Employment is a particularly touchy subject, and one of utmost importance to the population. ExxonMobil dashed expectations of a flood of new jobs by announcing in August 2016 that only 100 roles would be created for Guyanese workers in its rigs. Part of the problem is the fact that Guyana lacks the expertise the industry needs. Although the country has been searching for oil for decades, neither training nor education in the sector has been offered until now, and the government is playing a game of catch-up.

Everywhere you travel in Guyana, the green, red and yellow of its flag – the Golden Arrow – waves gently in the tropical breeze, from dilapidated houses, shopfronts and street lamps. Despite all the hardships, nothing has diminished the abundant love and pride Guyanese have for their country.

Anand Goolsarran is anxious for his country not to follow the path of other oil states like Venezuela, which have wasted huge resources. “Corruption is the number one issue,” says Goolsarran. “Look at the oil countries which have been destroyed by oil. Oil is good and oil is bad. It could go either way.”

Some have already decided that no good will come from ExxonMobil’s discoveries. Back in Ruimveldt, Laurice raises his eyebrows when I mention the potential bonanza, as if the very idea is absurd. “No, I do not think oil will make a difference,” he says. “Not for us, anyway – for the politicians, yes.” His friend Sharon is more positive. “We Guyanese need to step up to corruption,” she stresses. “For the revenues to be used properly, it will take us Guyanese getting out in the street. And we will. It is the future of our kids.”

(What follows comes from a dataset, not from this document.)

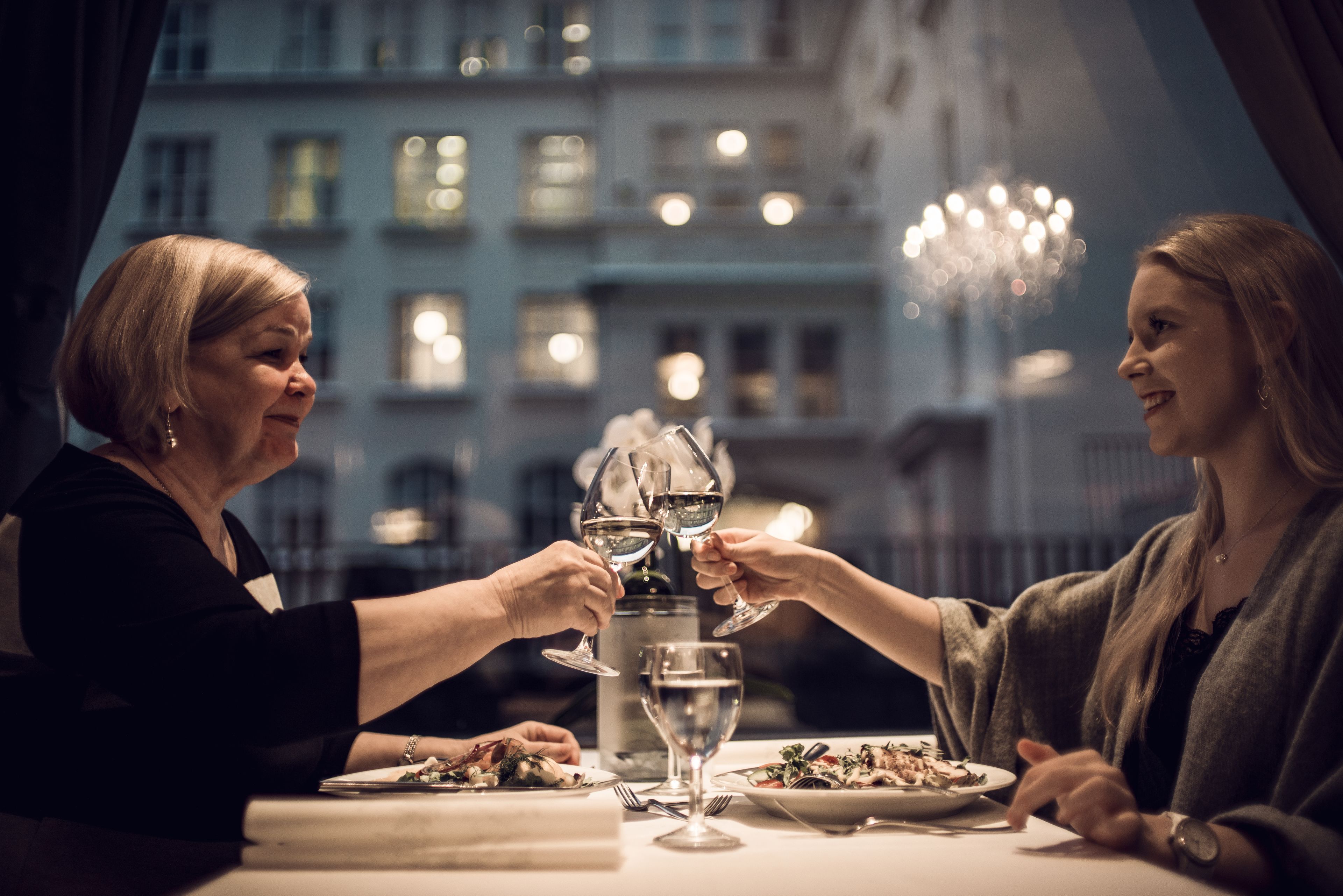 Breakfast and lunch served, local cuisine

Alongside all the concerns and scepticism, many hope Guyana’s fortunes could be transformed by the vast oil reserves lying off the coast. It would be a future worth fighting for, says Juliane Persaud, who works in the Georgetown office of the World Wildlife Fund.

“If no best practices are implemented and there is no effective revenue sharing… It could leave the country in the same or even worse condition,” she says. “It would be a huge injustice.” But, she adds, “If it’s done right, then there’s a real opportunity for the country. It could be a win-win.”